Left - 2.5D P-velocity model; right - 3D view of a computed wavefield.

MPI strong scalability of the solver is defined as ratio \( t_{M} /t_{N} \), where \( t_{M} \) and \( t_{N} \) are elapsed run times to solve the problem with \( N \) and \( M > N \) MPI processes each corresponding to a different CPU. Using MPI, we parallelize two types of processes. First, those scaling ideally (solving problems (4)), for which the computational time with \( N \) processes is \( \frac{T}{N} \). Second, the FFT, that scales as \( \frac{{T_{FFT} }}{\alpha \left( N \right)} \), with coefficient \( 1 < \alpha \left( N \right) < N \). The total computational time becomes \( \frac{T}{N} + \frac{{T_{FFT} }}{\alpha \left( N \right)} \) (here we simplify, assuming no need of synchronization) with scaling coefficient \( \frac{{T + T_{FFT} }}{{\frac{T}{N} + \frac{{T_{FFT} }}{\alpha \left( N \right)}}} \), that is greater than \( \alpha \left( N \right) \). This is why, we expect very good scalability of the algorithm, somewhere between the scalability of the FFT and the ideal scalability. We did not take into account OpenMP, which can be switched on for extra speed-up. It is worth noting, that we can not use MPI instead of OpenMp here, since then the scaling would degrade. MPI may have worked well if \( T \gg T_{FFT} \), but this is not the case.

We estimate the strong scaling for modeling in two different models, both of \( 200 \times 600 \times 155 \) points: a subset of depicted in Fig. 2 and the overthrust model [1]. From the left image of Fig. 3 we conclude that our solver scales very well up to 64 MPI processes.

Fig. 3.
figure 3

Left - strong MPI scaling of the solver: blue dashed line - for the Marmousi model, red line - for the overthrust model, the dashed grey line - ideal scalability; right - weak MPI scaling measurements: the blue line - the solver and the dashed grey - ideal weak scaling. (Color figure online)
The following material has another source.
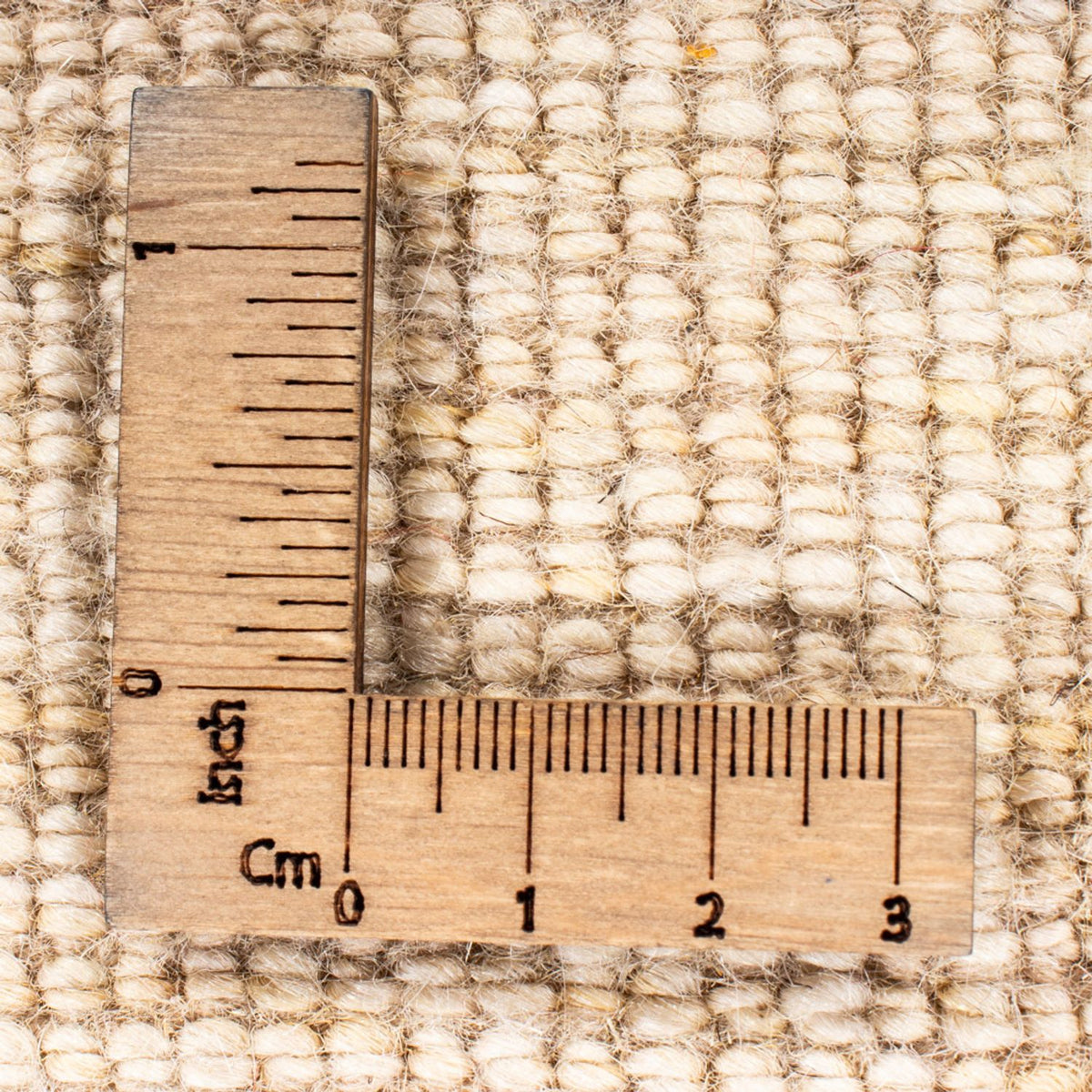 Biegacz Dywan Gabbeh - perski - 282 x 74 cm - beżowy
For weak scaling estimation, we assign the computational domain to one MPI process and then extend the size of the computational domain along the y-direction, while increasing the number of MPI processes. Here, we use one MPI process per CPU. The load per CPU is fixed. For the weak scaling, we use function \( f_{weak} \left( N \right) = \frac{T\left( N \right)}{T\left( 1 \right)}, \) where \( T\left( N \right) \) is the average computational runtime per iteration with \( N \) MPI processes. The ideal weak scalability corresponds to \( f_{weak} \left( N \right) = 1 \).
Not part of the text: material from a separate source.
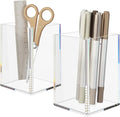 NIUBEE Acrylic Pen Holder 2 Pack by NIUBEE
To estimate it in our case, we considered a part of the model presented in Fig. 2 of size \( 200 \times 25 \times 200 \) points with a decreased 4 m step along the y-coordinate. After extending the model in the y-direction 64 times, we arrive at a model of size \( 200 \times 1600 \times 150 \) points. The right image of Fig. 3 demonstrates that for up to 64 MPI processes, weak scaling of our solver has small variations around the ideal weak scaling.

With OpenMP we parallelize the loop over spatial frequencies for solving (4). To estimate the scalability of this part of our solver, we performed simulations in a small part of the overthrust model comprising \( 660 \times 50 \times 155 \) points on a single CPU having 14 cores with hyper-threading switched off and without using MPI. Figure 4 shows that our solver scales well for all threads involved in this example. It is worth mentioning, that we use OpenMP as an extra option applied when further increasing of the number of MPI processes doesn’t improve performance any more, but the computational system is not fully loaded, i.e., there are free cores.

Fig. 4.
figure 4

Strong scalability on one CPU: blue line - ideal and red line is the solver scalability. (Color figure online)

4 Conclusions

Further improvement of the MPI scaling may be achieved by incorporating a domain decomposition along two horizontal directions into the current MPI parallelization scheme. Moreover, the parallelization using domain decomposition along the vertical direction for solving boundary value problems 4 may be applied for accelerating the computational runtime.